▶ WORK REQUIRED
An exact repetition of the data is required; no picture should appear in it.

▶ COLLECTED DATA
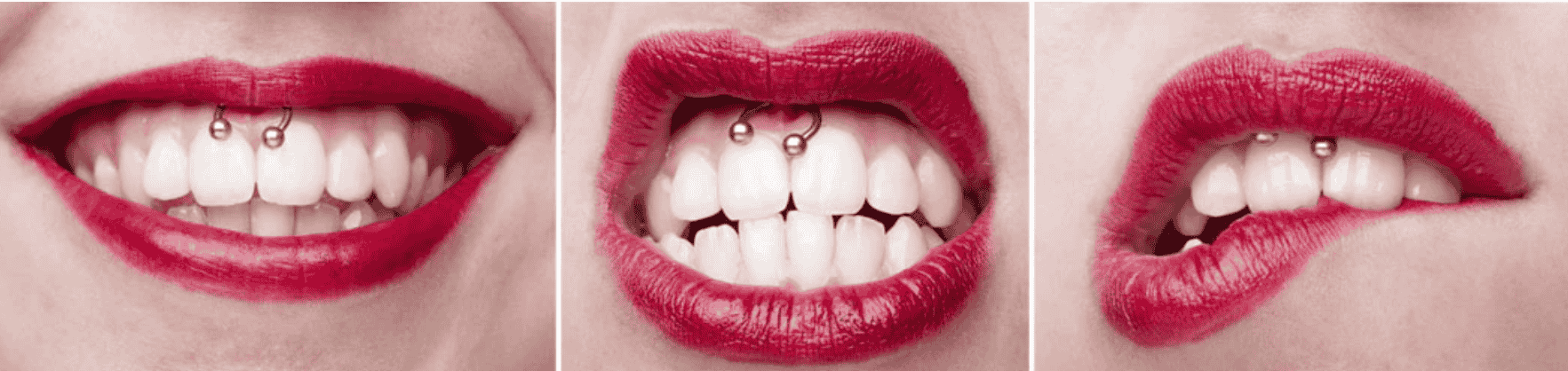 What is a smiley piercing?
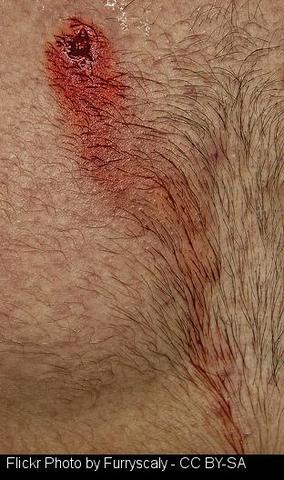 Un recepcionista é tiroteado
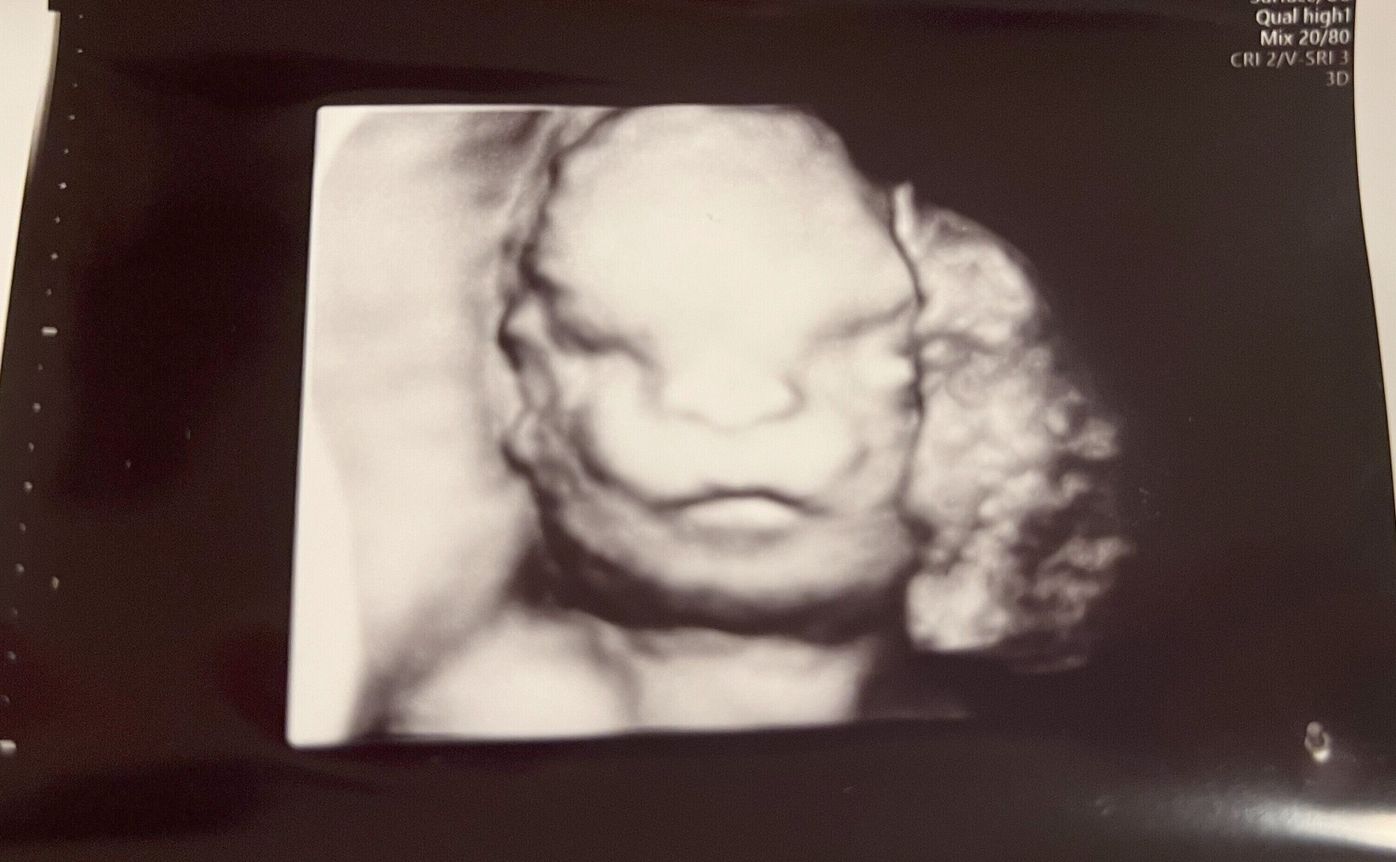 頭部外傷 スポーツ外傷、慢性硬膜下血腫 について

▶ SOLUTION TO THIS TASK
 What is a smiley piercing?
 Un recepcionista é tiroteado
 頭部外傷 スポーツ外傷、慢性硬膜下血腫 について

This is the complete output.